__Supplied data__:
- Opening Delimiter -

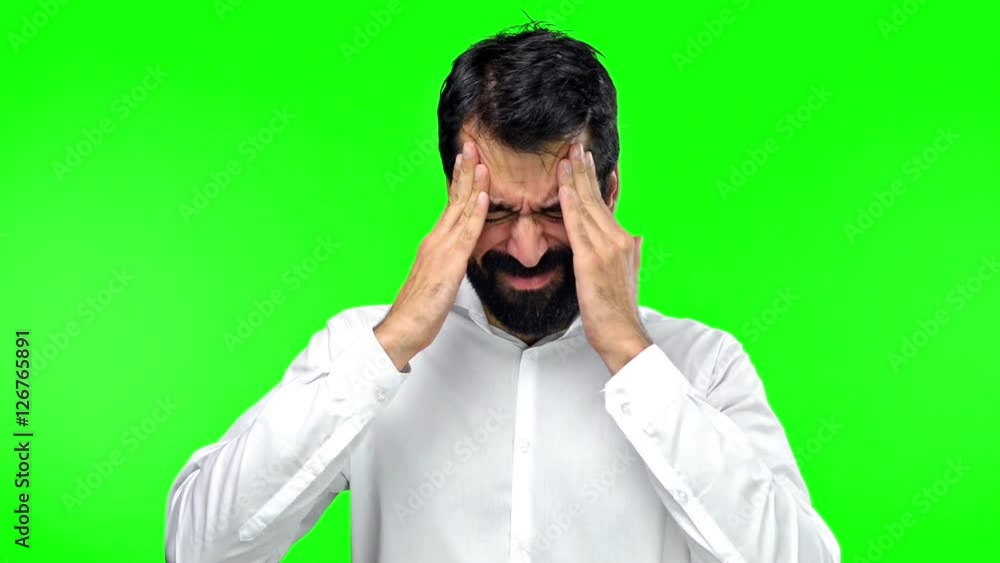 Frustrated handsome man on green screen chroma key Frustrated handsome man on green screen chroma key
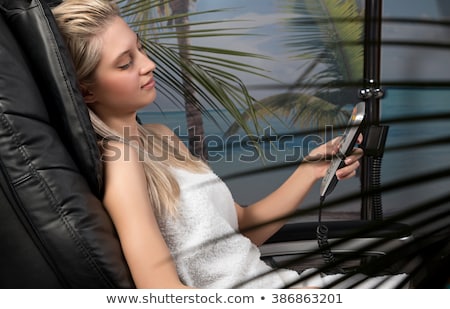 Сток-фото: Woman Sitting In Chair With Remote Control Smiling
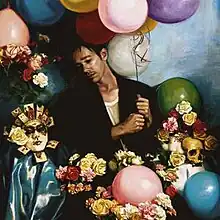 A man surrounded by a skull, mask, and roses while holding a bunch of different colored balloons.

- Closing Delimiter -
- Opening Delimiter -

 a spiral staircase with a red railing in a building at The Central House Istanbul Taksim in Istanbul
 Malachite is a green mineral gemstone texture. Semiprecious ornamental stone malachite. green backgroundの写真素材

- Closing Delimiter -

__Work order__:
Reproduce exactly, and with no other material, the lines between those holding "a spiral staircase" and "Malachite is a", inclusive.

__Answer section__:
 a spiral staircase with a red railing in a building at The Central House Istanbul Taksim in Istanbul
 Malachite is a green mineral gemstone texture. Semiprecious ornamental stone malachite. green backgroundの写真素材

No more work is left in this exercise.